### TASK TO COMPLETE
Exclude the pictures and set down, unaltered, the lines from the one that holds "Un nuovo studio" through the end of the data.

### RECORDS FOR THIS EXERCISE
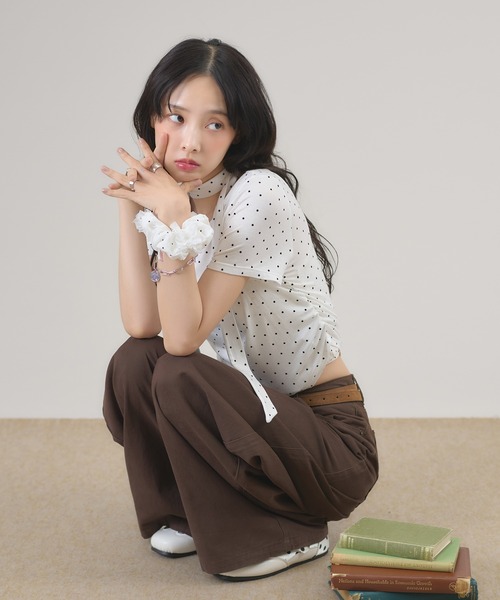 apres jour mignon(アプレジュールミニョン)の「タイ付きドットTシャツ(Tシャツ/カットソー・レディース・ブラウン系その他/オフホワイト/ブラック・LARGE/フリー)」の4枚目の写真
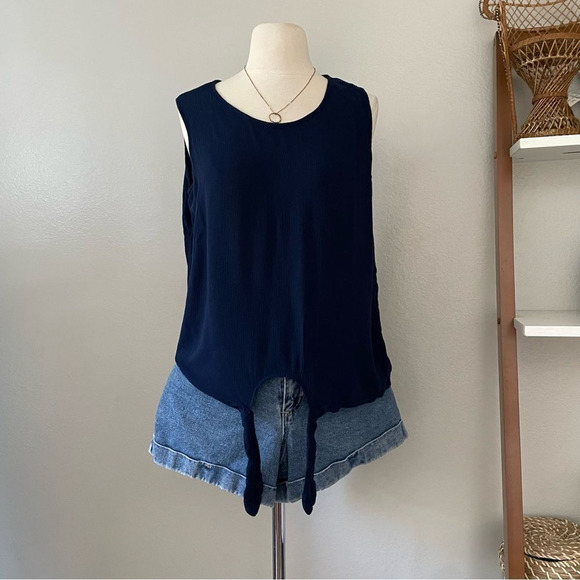 Textured Navy Blue Front Tie Top - Picture 4 of 5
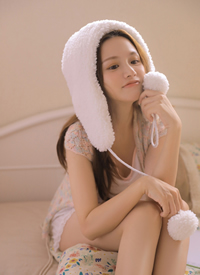 日本美女吊带长腿白嫩性感美女图片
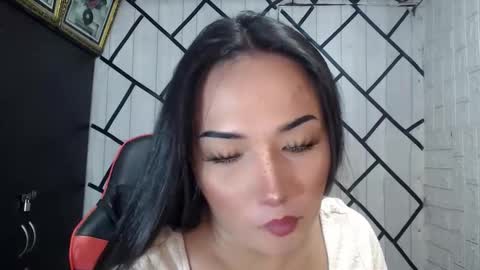 Snapshot of stellaven chatting on 09.17.25 Stellaven online show from 09.17.25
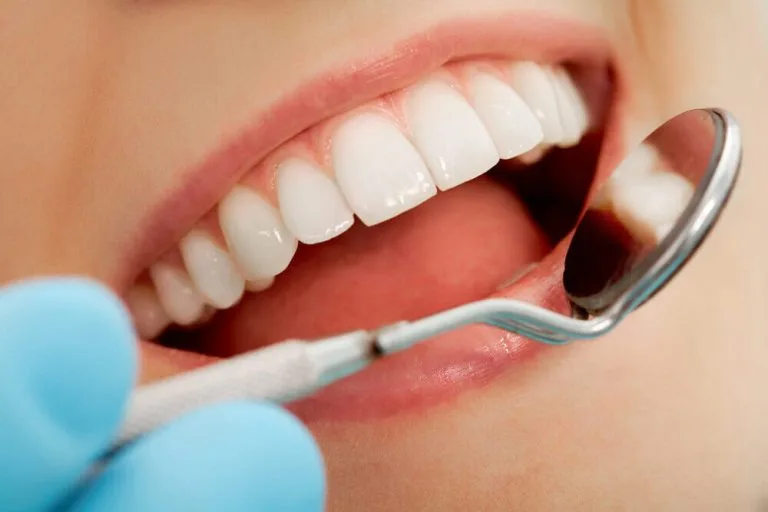 Você sabe a diferença entre implante e prótese dentária? Especialista tira as dúvidas!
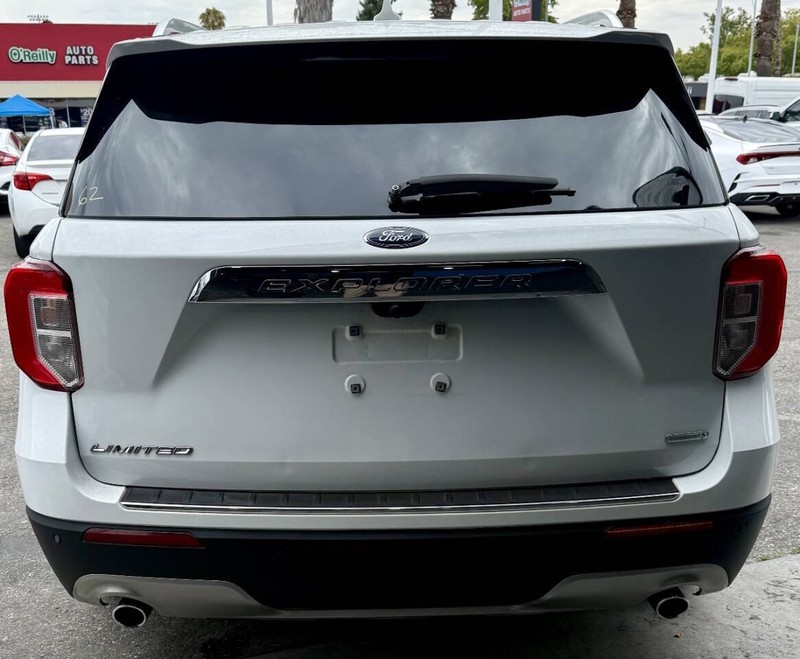 Ford Explorer Vehicle Full-screen Gallery Image 05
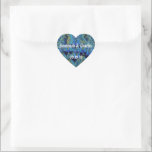 Sticker Cœur Peacocks vintages Embrasser les cadeaux de mariage<br><div class="desc">Peacocks vintages Embrasser les cadeaux de mariage</div>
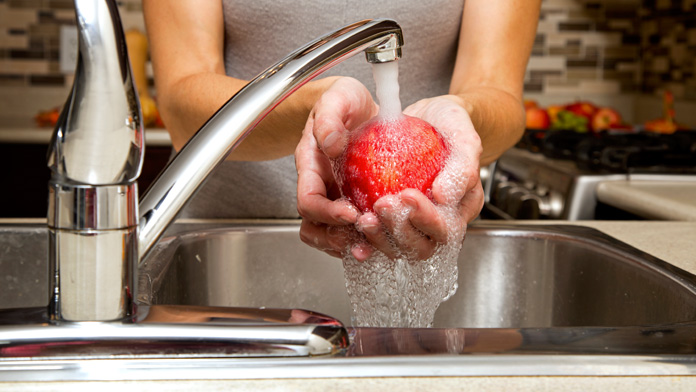 Un nuovo studio conferma che è più efficace di acqua rubinetto e soluzione di candeggina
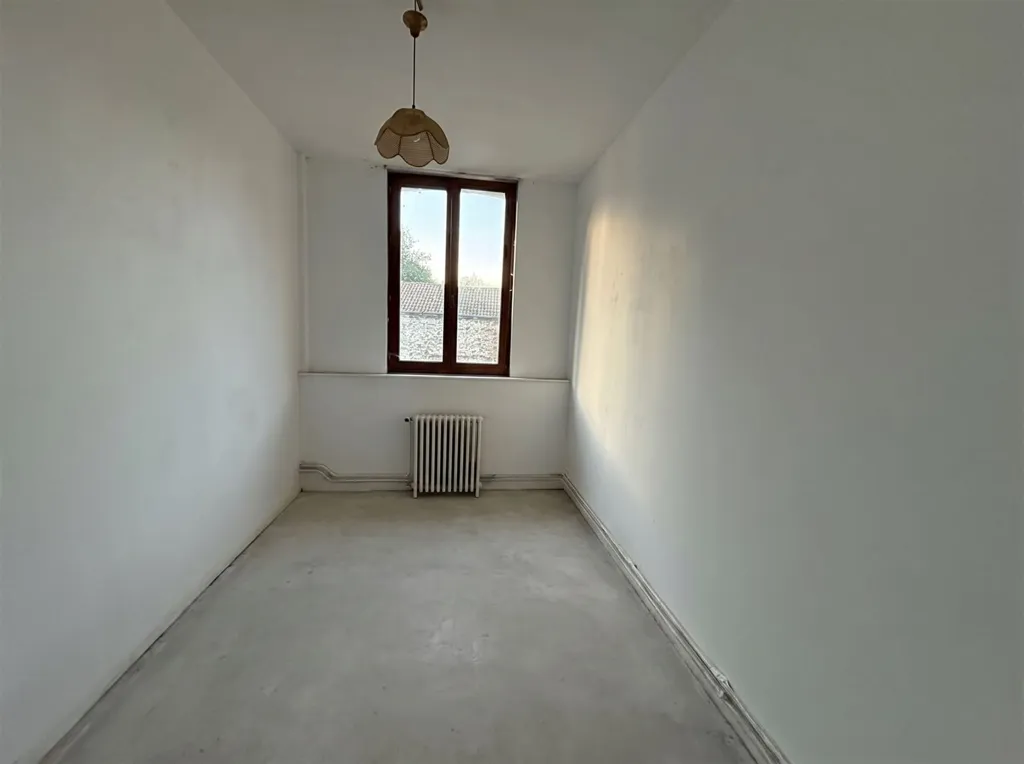 Pièces - Immeuble de Rapport Mixte au Centre-ville de Péruwelz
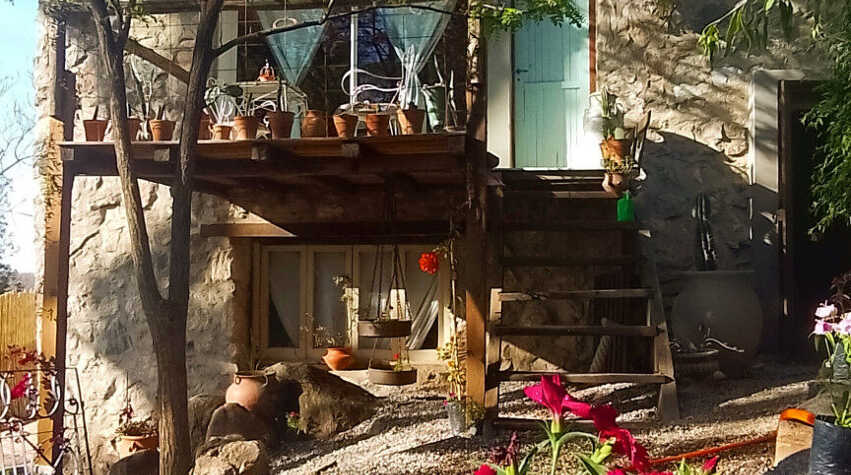 Foto principal de lacasitadepiedra_cabana en Unquillo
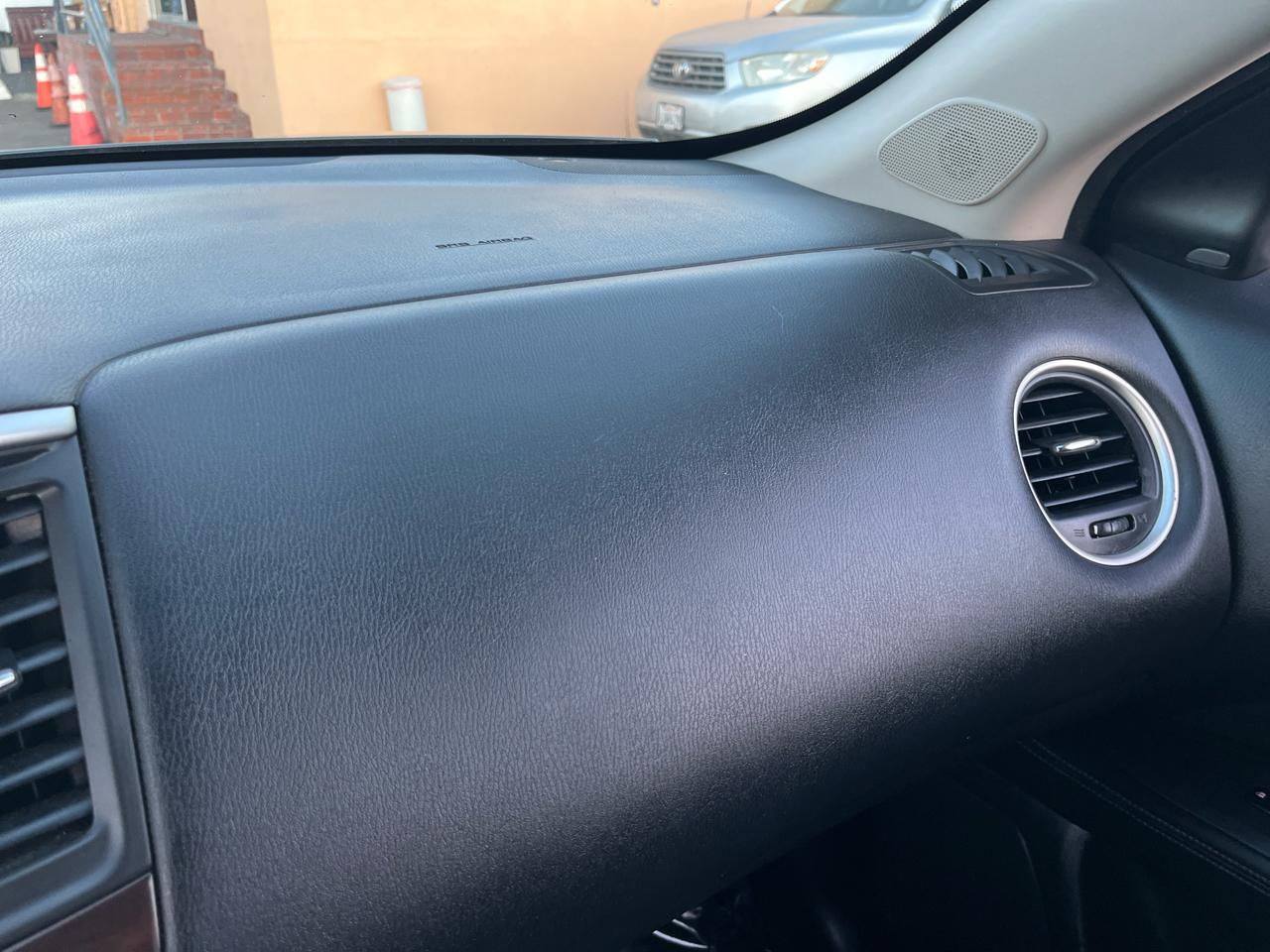 Nissan Pathfinder SV 2WD 2015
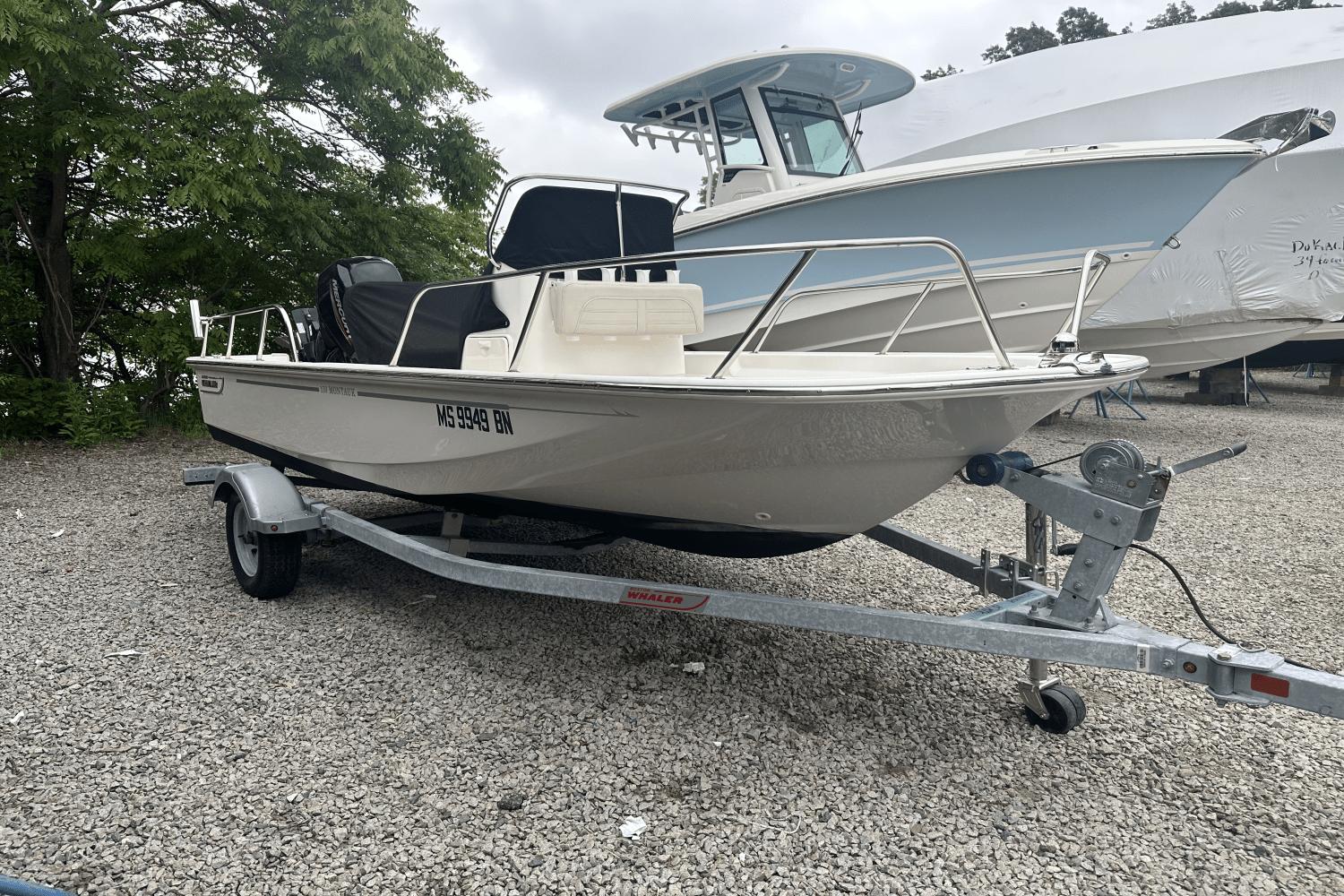 2021 Boston Whaler 150 Montauk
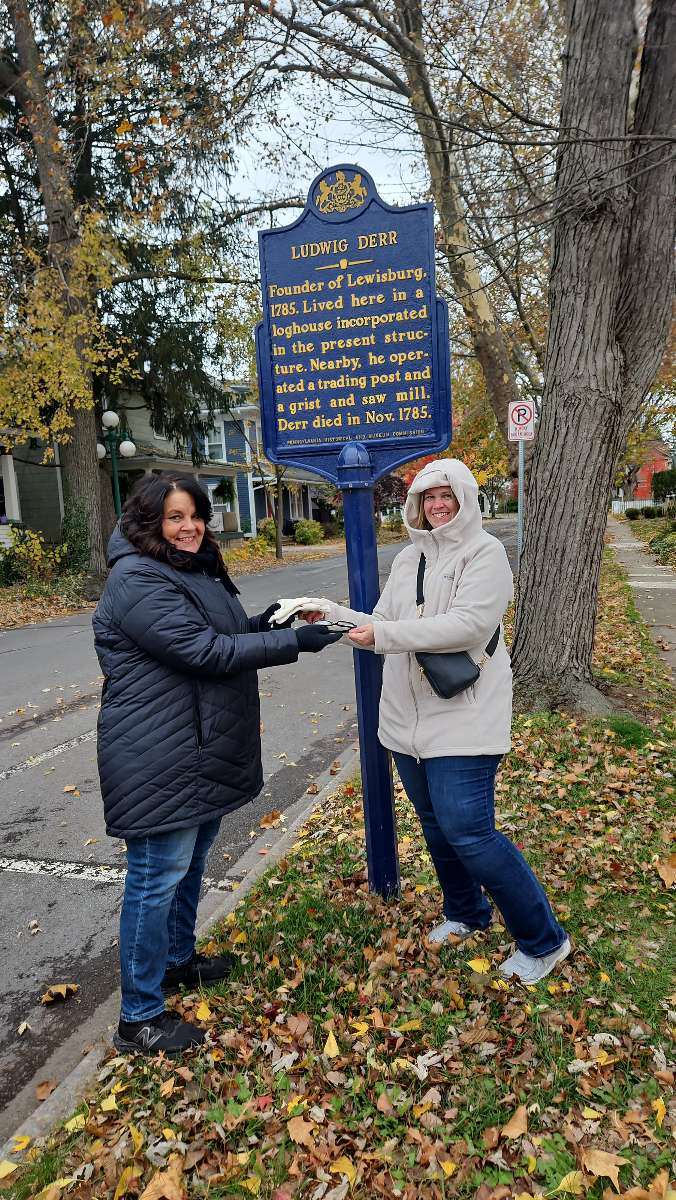 Lewisburg Pennsylvania Scavenger Hunt scavenger hunt photos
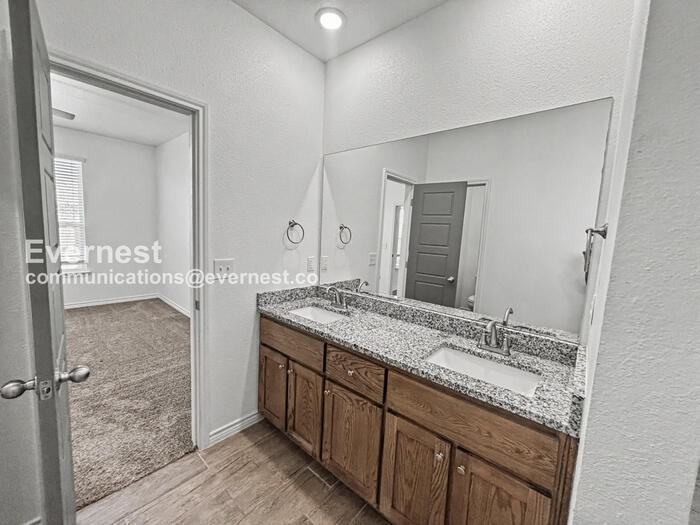 737 Freedom Cir - Photo 5 of 23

### TASK RESPONSE
 Un nuovo studio conferma che è più efficace di acqua rubinetto e soluzione di candeggina
 Pièces - Immeuble de Rapport Mixte au Centre-ville de Péruwelz
 Foto principal de lacasitadepiedra_cabana en Unquillo
 Nissan Pathfinder SV 2WD 2015
 2021 Boston Whaler 150 Montauk
 Lewisburg Pennsylvania Scavenger Hunt scavenger hunt photos
 737 Freedom Cir - Photo 5 of 23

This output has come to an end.